« Il y aura
toujours des monstres. Mais je n'ai pas besoin d'en devenir un pour
les combattre. » (Batman)
Le premier des
super-héros est, et reste, Superman. La coïncidence (intentionnelle
ou non, c'est un autre débat) de nom en a fait dans l'esprit de
beaucoup un avatar du Surhomme décrit par Nietzsche dans Ainsi
parlait Zarathoustra. C'est devenu un lieu commun de faire de
Superman l'incarnation de l'Übermensch, et c'est par là même
un moyen facile de dénigrer le super-héros, de le renvoyer à une
forme de l'imaginaire maladive et entachée par la mystique des
Nazis, quand bien même Goebbels y voyait un Juif dont le S sur la
poitrine signifiait le Dollar. Le super-héros devient, dans cette
logique, un genre de fasciste en collants, un fantasme, une
incarnation de la « volonté de puissance ».
Le surhomme comme
héritier de l'Hercule de foire.
Ce n'est pas forcément
toujours faux, mais c'est tout à fait réducteur. Primo parce que ça
ne voit du super-héros qu'une seule de ses facettes. Deuzio, parce
que ça fait de même avec Nietzsche.
With great powers
come great gimmicks
Roland Barthes disait
des « surhommes de la science-fiction » qu'ils étaient
« réifiés », qu'ils étaient des « choses »

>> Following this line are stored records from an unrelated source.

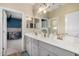 Bathroom featuring double sinks with white countertops and modern fixtures at 5516 N 193Rd Ave, Litchfield Park, AZ 85340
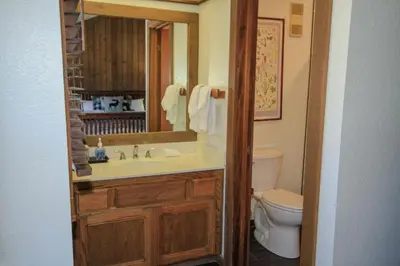 a bathroom with a sink and a toilet and a mirror at Mountainback 19 Loft Den in Mammoth Lakes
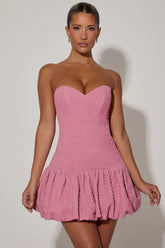 Cut-Out Bubble Hem Corset Mini Dress in Dusty Pink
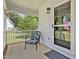 Charming front porch with a seating area, perfect for enjoying quiet moments outdoors at 221 Antique Lace Way, Holly Springs, NC 27540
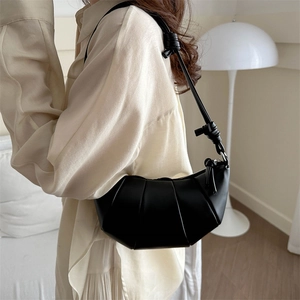 Minimalist black crescent crossbody bag with pleated design and knotted shoulder strap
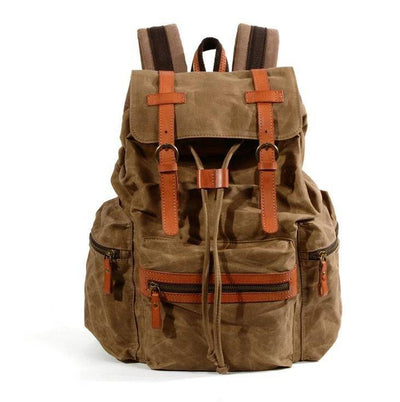 Explore in style with a black and brown waterproof canvas leather backpack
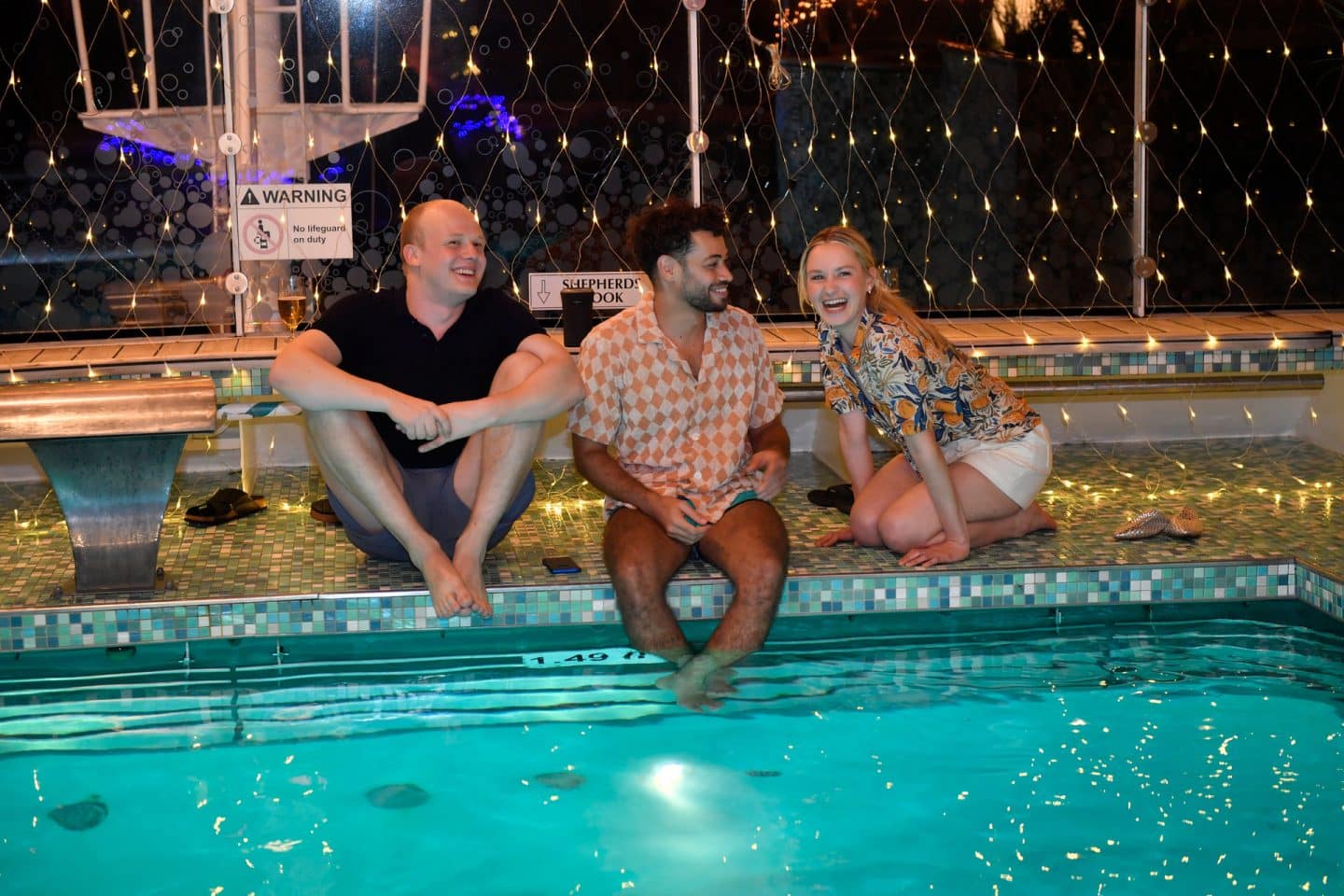 "Das Traumschiff: Curaçao": Am Abend: Florian Pfeiffer (Sebastian Jakob Doppelbauer), Malik Al Ghoul (Robin Cadet) und Liv Simonis (Pauline Werner) sitzen lachend am beleuchteten Schiffspool.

plus que des personnages. Et il ne pensait pas particulièrement à
Ben Grimm. Et de fait, plus que leur personnalité (qui peut
d'ailleurs varier au fil du temps et selon les auteurs qui président
à leur destinée), les super-héros se réduisent assez souvent à
leur attirail iconique : costume, pouvoirs, gimmicks divers.
Tous ces éléments créent la continuité dans le temps de
l'identification du personnage, mais finissent par le noyer sous un
déluge de détails « signifiants » qui finissent par
n'en faire plus qu'un jouet combinatoire, un peu à la manière de ce
qu'est devenu James Bond : le personnage n'est souvent plus
qu'un prétexte à un nouveau gadget, à une nouvelle scène avec
Moneypenny, à une nouvelle scène de commande de sa boisson
préférée. Les leitmotivs, les « je suis le meilleur dans ma
partie » ou « c'est un boulot pour Superman »,
destinés à créer de la connivence avec le lecteur deviennent vite
des rustines commodes cherchant à démontrer qu'on est bien dans une
histoire de Wolverine ou Superman, et pas dans un récit générique.
Le surhomme, c'est
l'homme qui se hausse au-dessus du niveau de la bête…
Le décorum prend
facilement le pas sur le personnage, à la manière de ces drames
antiques où les acteurs portaient des masques stylisés, ou du James
Bond filmique dont le smoking est porté par un acteur différent à
des intervalles réguliers. Les héros courent alors le risque de
devenir des personnages conventionnels de la fable, schématiques,
enfermés dans un récit toujours identique sur le fond devenant
peu à peu schématique lui aussi. Qui a dit « éternel
retour » ? On y reviendra, justement. Et le côté
feuilletonnant des récits de super-héros peut amplifier le
problème : régulièrement, toute l'évolution d'une série
peut se trouvée torpillée par un auteur et un editor exigeant une
approche « back to the basics ». C'est ce qui était
arrivé à Thor après le départ de Simonson (Thor perd sa barbe,
retrouve une identité secrète, repart dans des quêtes à la Kirby)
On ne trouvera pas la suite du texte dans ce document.